* _Exercise requirements_: In this exercise, the entries below include pictures. Repeat exactly the lines from the line with "If you integrate, you" to the line with "So the new left", including both, but without the pictures.
*** Excerpted data ***
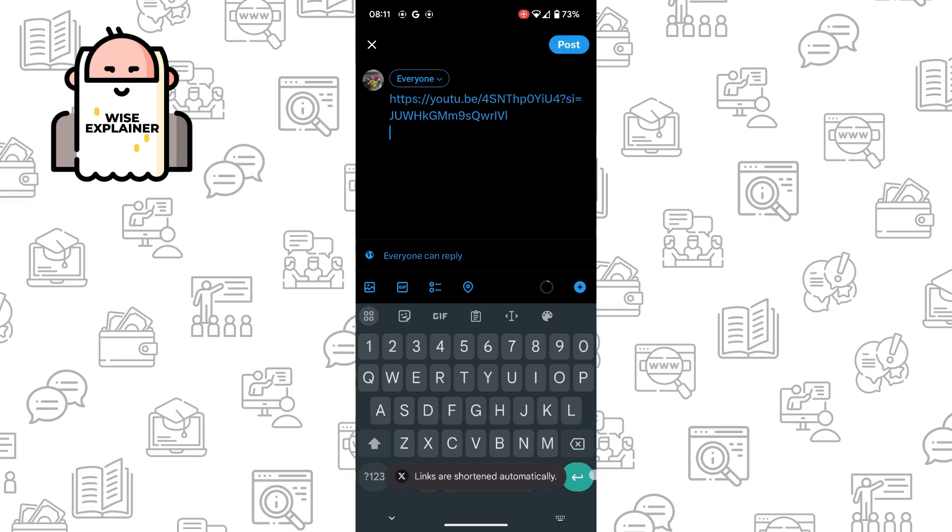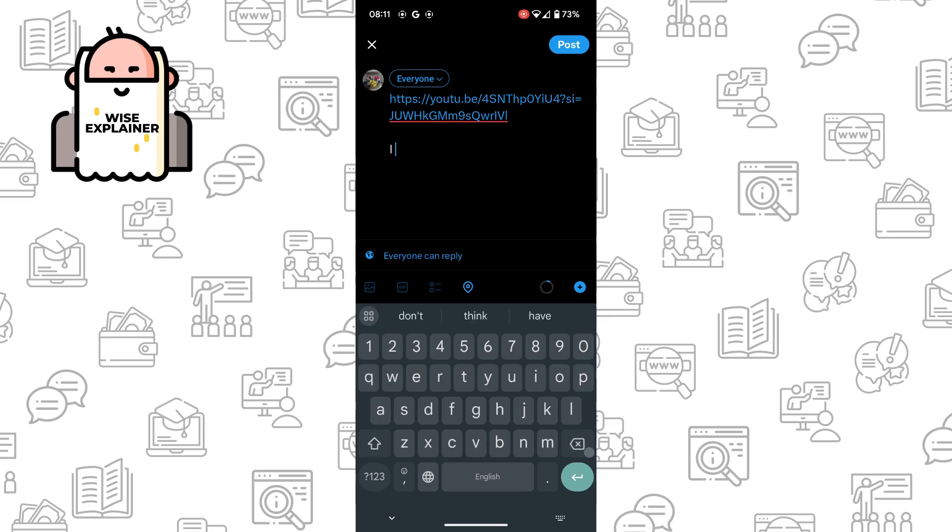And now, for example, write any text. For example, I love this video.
*** End of Excerpted data ***
*** Excerpted data ***
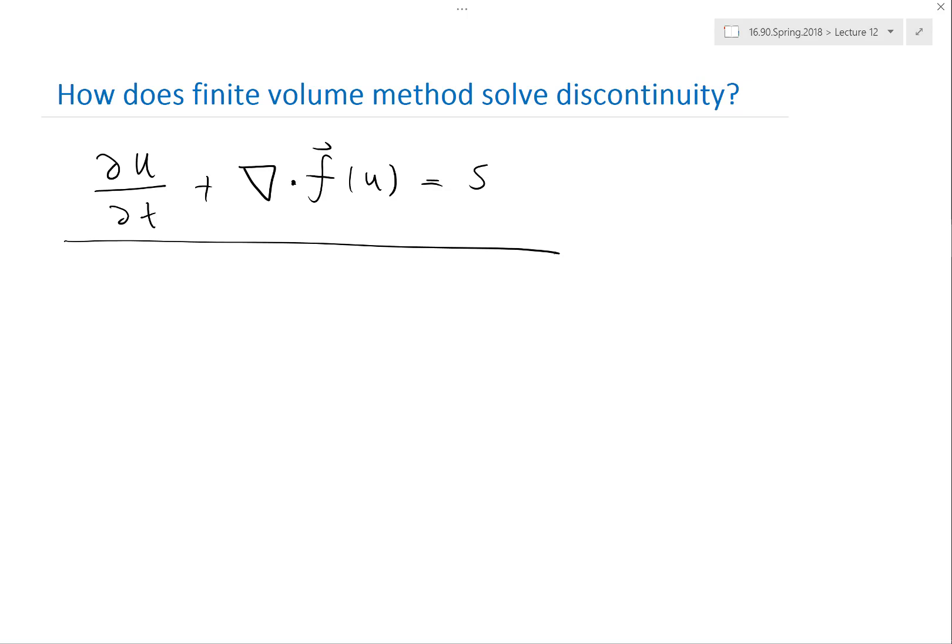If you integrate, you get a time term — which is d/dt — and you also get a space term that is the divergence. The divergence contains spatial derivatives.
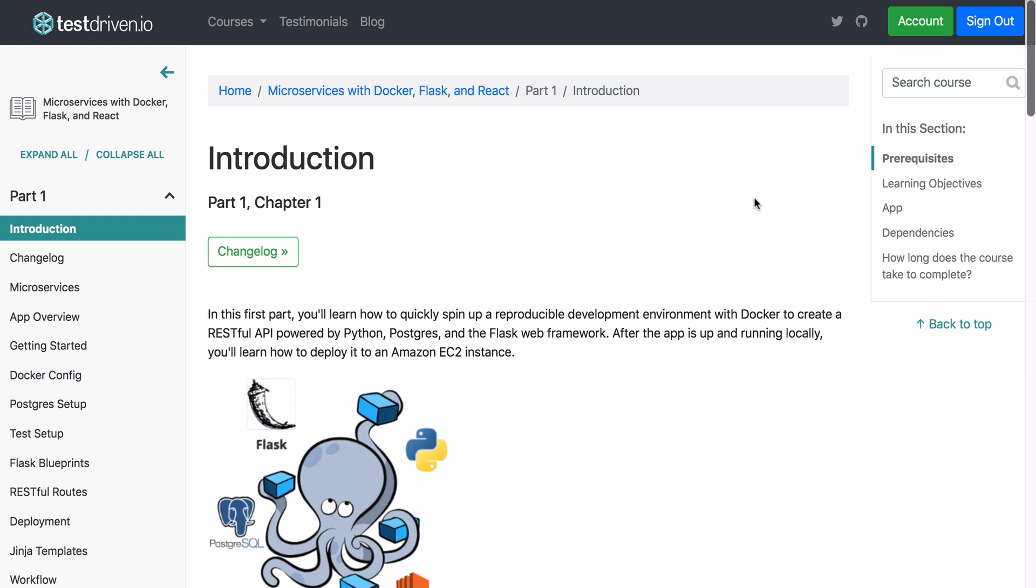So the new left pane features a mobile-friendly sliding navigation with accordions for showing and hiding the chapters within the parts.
*** End of Excerpted data ***
* _Output of the exercise_:
If you integrate, you get a time term — which is d/dt — and you also get a space term that is the divergence. The divergence contains spatial derivatives.
So the new left pane features a mobile-friendly sliding navigation with accordions for showing and hiding the chapters within the parts.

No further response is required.